*Data for analysis*.
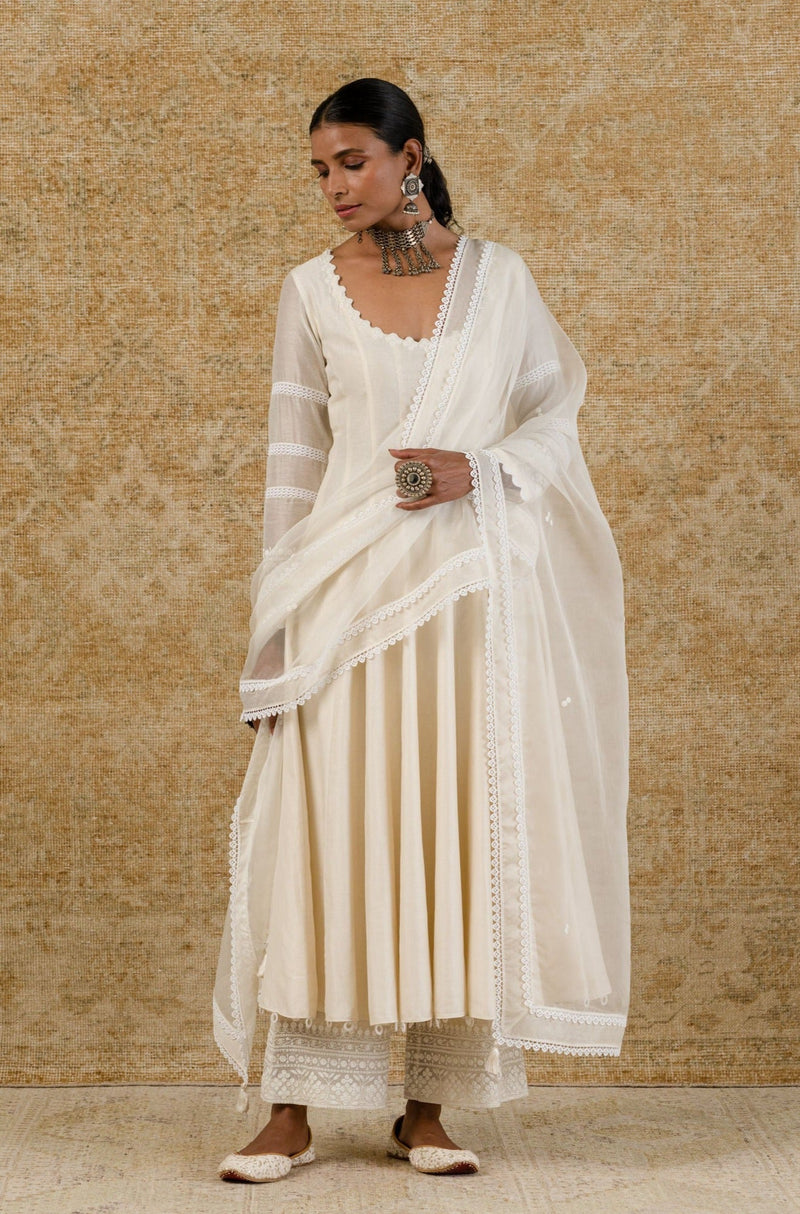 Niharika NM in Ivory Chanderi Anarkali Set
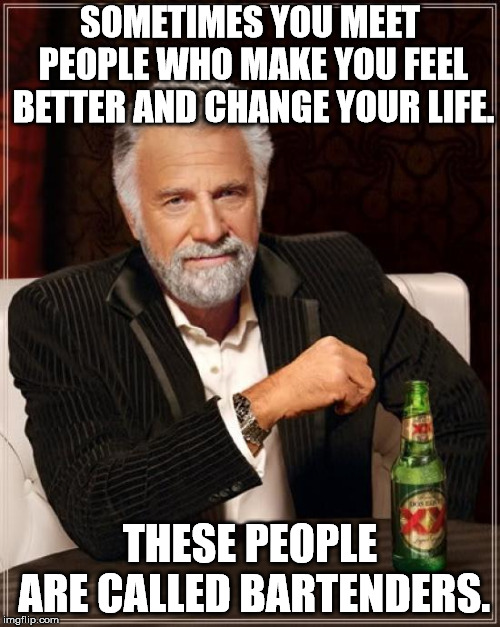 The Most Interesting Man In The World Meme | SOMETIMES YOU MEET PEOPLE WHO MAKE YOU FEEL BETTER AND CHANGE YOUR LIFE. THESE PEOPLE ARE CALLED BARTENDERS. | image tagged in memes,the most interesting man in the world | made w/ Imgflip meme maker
* * *
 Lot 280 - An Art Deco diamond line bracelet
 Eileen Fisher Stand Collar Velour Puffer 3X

*Task objective*. Look above for the line with "Niharika NM in Ivory Chanderi Anarkali Set"; quote it and every line after it, stopping after the line with "The Most Interesting Man In The World Meme", exactly, with nothing added and without pictures.

*Answer below*.
 Niharika NM in Ivory Chanderi Anarkali Set
 The Most Interesting Man In The World Meme | SOMETIMES YOU MEET PEOPLE WHO MAKE YOU FEEL BETTER AND CHANGE YOUR LIFE. THESE PEOPLE ARE CALLED BARTENDERS. | image tagged in memes,the most interesting man in the world | made w/ Imgflip meme maker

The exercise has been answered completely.